Task Family¶
In DeepClaw, a manipulation task involves three hierarchical concepts: task, sub-task, functionality module. A task protocol should clearly define the main purpose of the task, the target objects, the robot, and hardware setup, procedures to fulfill the task and execution constraints. Each task may consist of several repetitive sub-tasks. A pipeline of functional modules can accomplish each sub-task. The most similarity between game and dexterous manipulations enable reproducible experiments in various environment. All of the game manipulation tasks can be classified from two different perspectives: spatial reasoning and temporal reasoning. Compared with human daily dexterous manipulations, game manipulations have a noticeable distinction in spatial and temporal dimensions. "Jigsaw Puzzle," for example, requires a meaningful pattern at finally by placing certain pieces in settled spatial position and orientation using robot cell. We can summarize that "Jigsaw Puzzle" focuses on spatial reasoning rather than temporal reasoning sine chronological operations to finish the puzzle are needless during the whole placing process. "Tic-tac-toe Game" is the contrary that emphasizes moving chess chronologically rather than its spatial position and orientation (distinguish the type of pieces rather than each piece individual). Claw machine is another popular game that involves picking and placing to clear the toy tray. We hypothesize that both robot cells and intelligent algorithms lead to performance differences when executing game manipulation tasks.

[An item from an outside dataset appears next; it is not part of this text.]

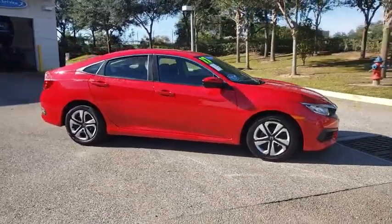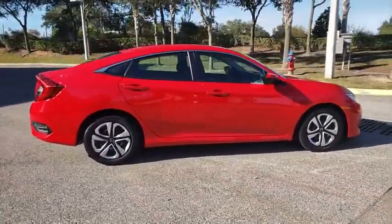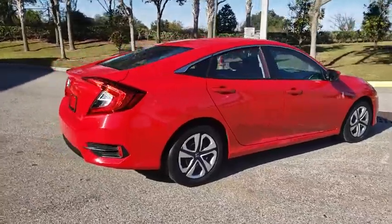The 2017 Honda Civic. Practical, awesome gas mileage, and incredibly reliable.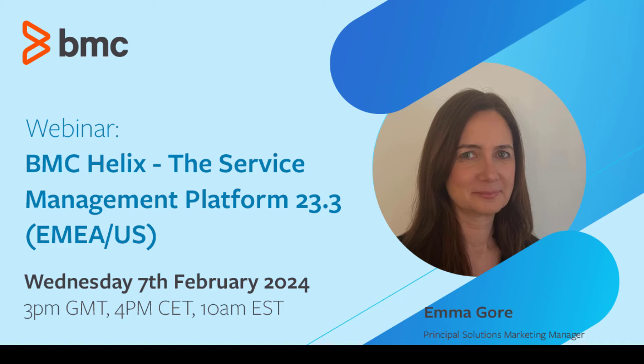Welcome to the Helix webinar series. Today's session is on BMC Helix Service Management 23.3. Our presenter today is Emma Gore from Solutions Marketing. Before she formally introduces herself, let me remind you how this operates. You have the Q&A section in Zoom — please post your questions during the session. At the end, we will have time for live Q&A where we'll open up the line for you to talk with us.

Waste Sorting: Detector of Daily Life Waste¶
With the development of the economy, we are producing more daily life waste than ever in history. Waste sorting can help improve the recycling of renewable resources. The waste sorting task aims to train a waste detector and build a automatic waste sorting station using robot arms. The training dataset is from 2020 Haihua AI Challange - Garbage classification. A description can be found under DeepClawBenchmark/data/Haihua-Waste-Sorting. In the demo, we use a UR10e, a Realsense D435 camera, a HandE with self-designed soft fingers to build a automatic waste sorting station. Please refer to the project code for more details.
Tic-Tac-Toe: Board Games as Adversarial Interaction¶
Tic-Tac-Toe game is a temporal reasoning related task, which required two players moving pieces alternately. To simplify this game as a baseline, the two players use the same placing strategy, namely the Minimax algorithm with depth 3, and are both executed by the robot arm. We use green and blue cubes from Yale-CMU-Berkeley objects set representing two types of pieces. At the start of the game, 3×3 checkerboards printed on an A4 paper is placed in front of the robot base, and the two types of pieces are lined on the left and right side of the chessboard as shown in figure. The task is to pick a type of piece and place it on one of nine boxes on the checkerboard in turns until one player wins or ends with a tie.
Claw Machine: End-to-End Manipulation Benchmarking¶
This benchmark measures the performance of a learned policy for predicting robust grasps over different robot cells. At the start of the task, a 60cm×70cm white bin stuffed by eight soft toys and an empty 30cm×40cm blue bin are placed side by side on the table top as shown in the following figure. The task is to transport the toys to the blue bin one by one until clearing the white bin. We restrict the gripper to grasp vertically, allowing only rotations along the z-axis of the robot base.
Jigsaw Puzzle: Tiling Game for Modular Benchmarking¶
A jigsaw puzzle is a tiling game that requires the assembly of often oddly shaped interlocking and tessellating pieces. The jigsaw set used in this paper contains four thin wooden pieces with an image printed on one side and can form a 10.2cm×10.2cm picture when they are correctly assembled. We use a suction cup to complete the task on all three robot cells as the jigsaw piece is only 5 mm thick and is too challenging for grippers. At the start of the task, the four pieces are randomly placed on the table top, as shown in figure. The task is to detect and pick one jigsaw piece at a time and place it at the required location according to its shape and texture information, and finally assemble all the four pieces into one whole piece. We restrict the gripper to pick vertically, allowing only rotations along the z-axis of the robot base.